• **Problem to solve**
From the material that follows, count the lines with the word "Seeds" in them. Reply with the number only.

• **Extracted entries**
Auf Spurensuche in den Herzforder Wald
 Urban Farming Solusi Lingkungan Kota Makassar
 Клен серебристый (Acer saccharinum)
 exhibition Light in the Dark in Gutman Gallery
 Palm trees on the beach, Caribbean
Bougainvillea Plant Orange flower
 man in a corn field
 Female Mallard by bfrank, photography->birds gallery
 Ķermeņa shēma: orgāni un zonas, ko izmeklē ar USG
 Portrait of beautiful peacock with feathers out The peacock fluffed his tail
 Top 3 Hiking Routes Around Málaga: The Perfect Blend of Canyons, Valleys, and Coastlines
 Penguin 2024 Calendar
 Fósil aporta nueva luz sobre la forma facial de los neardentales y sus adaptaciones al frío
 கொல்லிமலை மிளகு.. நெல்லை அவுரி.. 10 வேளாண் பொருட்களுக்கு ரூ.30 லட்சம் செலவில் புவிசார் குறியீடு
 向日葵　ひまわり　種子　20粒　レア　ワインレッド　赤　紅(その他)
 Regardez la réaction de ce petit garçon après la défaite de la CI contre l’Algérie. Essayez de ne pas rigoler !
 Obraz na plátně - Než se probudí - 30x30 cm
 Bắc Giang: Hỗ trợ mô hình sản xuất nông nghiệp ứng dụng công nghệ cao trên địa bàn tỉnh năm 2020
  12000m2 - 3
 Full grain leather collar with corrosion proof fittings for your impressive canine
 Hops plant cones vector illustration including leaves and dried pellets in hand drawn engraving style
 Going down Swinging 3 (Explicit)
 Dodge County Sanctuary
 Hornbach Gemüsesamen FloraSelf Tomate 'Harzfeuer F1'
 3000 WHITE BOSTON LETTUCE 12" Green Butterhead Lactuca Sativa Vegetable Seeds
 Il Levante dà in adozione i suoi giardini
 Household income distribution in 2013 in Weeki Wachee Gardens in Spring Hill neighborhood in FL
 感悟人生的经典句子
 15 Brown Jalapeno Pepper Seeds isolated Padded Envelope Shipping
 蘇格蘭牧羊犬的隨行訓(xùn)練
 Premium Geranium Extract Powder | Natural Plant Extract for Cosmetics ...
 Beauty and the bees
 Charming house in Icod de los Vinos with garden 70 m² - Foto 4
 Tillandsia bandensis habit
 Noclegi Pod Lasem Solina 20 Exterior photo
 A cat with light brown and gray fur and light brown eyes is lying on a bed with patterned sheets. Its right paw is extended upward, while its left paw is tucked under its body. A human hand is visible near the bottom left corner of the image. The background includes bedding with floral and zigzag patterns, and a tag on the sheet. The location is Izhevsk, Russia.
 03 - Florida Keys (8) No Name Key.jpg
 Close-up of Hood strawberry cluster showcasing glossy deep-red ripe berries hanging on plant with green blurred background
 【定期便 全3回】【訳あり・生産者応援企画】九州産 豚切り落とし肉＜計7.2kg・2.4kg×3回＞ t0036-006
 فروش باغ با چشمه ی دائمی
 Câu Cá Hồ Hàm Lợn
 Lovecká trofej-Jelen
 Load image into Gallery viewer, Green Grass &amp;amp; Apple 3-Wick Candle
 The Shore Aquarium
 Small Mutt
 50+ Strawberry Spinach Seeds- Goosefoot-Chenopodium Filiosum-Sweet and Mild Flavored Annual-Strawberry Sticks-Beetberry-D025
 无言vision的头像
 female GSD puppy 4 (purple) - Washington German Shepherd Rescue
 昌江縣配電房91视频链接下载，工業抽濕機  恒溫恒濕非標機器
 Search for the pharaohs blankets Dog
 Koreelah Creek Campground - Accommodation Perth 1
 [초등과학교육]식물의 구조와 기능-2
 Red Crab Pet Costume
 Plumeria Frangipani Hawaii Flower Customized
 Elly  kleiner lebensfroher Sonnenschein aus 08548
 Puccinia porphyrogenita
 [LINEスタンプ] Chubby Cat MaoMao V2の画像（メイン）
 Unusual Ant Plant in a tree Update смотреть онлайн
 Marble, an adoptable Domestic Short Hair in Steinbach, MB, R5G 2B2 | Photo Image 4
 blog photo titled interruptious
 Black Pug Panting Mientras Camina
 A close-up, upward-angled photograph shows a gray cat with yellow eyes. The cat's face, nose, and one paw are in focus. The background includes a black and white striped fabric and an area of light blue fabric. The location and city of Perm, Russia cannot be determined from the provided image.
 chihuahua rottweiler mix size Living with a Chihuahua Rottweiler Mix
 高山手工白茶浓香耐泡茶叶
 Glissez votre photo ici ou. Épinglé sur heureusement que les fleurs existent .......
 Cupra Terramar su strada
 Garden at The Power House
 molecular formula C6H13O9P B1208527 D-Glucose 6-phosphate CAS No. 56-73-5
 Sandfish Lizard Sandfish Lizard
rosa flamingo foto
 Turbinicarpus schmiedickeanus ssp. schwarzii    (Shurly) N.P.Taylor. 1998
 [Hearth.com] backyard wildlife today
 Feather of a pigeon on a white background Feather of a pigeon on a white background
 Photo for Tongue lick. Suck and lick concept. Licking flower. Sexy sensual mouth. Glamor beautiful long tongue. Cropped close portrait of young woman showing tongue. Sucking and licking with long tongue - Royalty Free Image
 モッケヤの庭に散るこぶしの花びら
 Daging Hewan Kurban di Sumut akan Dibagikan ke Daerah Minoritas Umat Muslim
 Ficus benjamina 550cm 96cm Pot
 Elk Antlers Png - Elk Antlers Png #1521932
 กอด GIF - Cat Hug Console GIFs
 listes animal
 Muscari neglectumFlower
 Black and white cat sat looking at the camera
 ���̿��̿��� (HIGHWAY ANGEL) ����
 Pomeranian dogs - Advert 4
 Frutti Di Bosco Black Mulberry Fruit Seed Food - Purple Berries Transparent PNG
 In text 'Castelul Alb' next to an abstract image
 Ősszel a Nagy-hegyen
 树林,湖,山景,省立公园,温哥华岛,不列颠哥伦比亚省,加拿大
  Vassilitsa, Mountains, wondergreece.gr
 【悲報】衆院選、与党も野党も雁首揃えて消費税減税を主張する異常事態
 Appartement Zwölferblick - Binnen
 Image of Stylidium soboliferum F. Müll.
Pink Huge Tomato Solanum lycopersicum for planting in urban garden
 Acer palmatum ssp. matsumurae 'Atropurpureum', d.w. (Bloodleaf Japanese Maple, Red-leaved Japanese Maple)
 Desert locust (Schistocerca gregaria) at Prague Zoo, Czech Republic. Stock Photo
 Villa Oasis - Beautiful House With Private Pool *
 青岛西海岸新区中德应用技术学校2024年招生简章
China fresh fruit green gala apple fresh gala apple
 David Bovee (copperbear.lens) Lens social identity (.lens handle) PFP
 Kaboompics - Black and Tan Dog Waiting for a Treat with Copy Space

• **Task answer**
3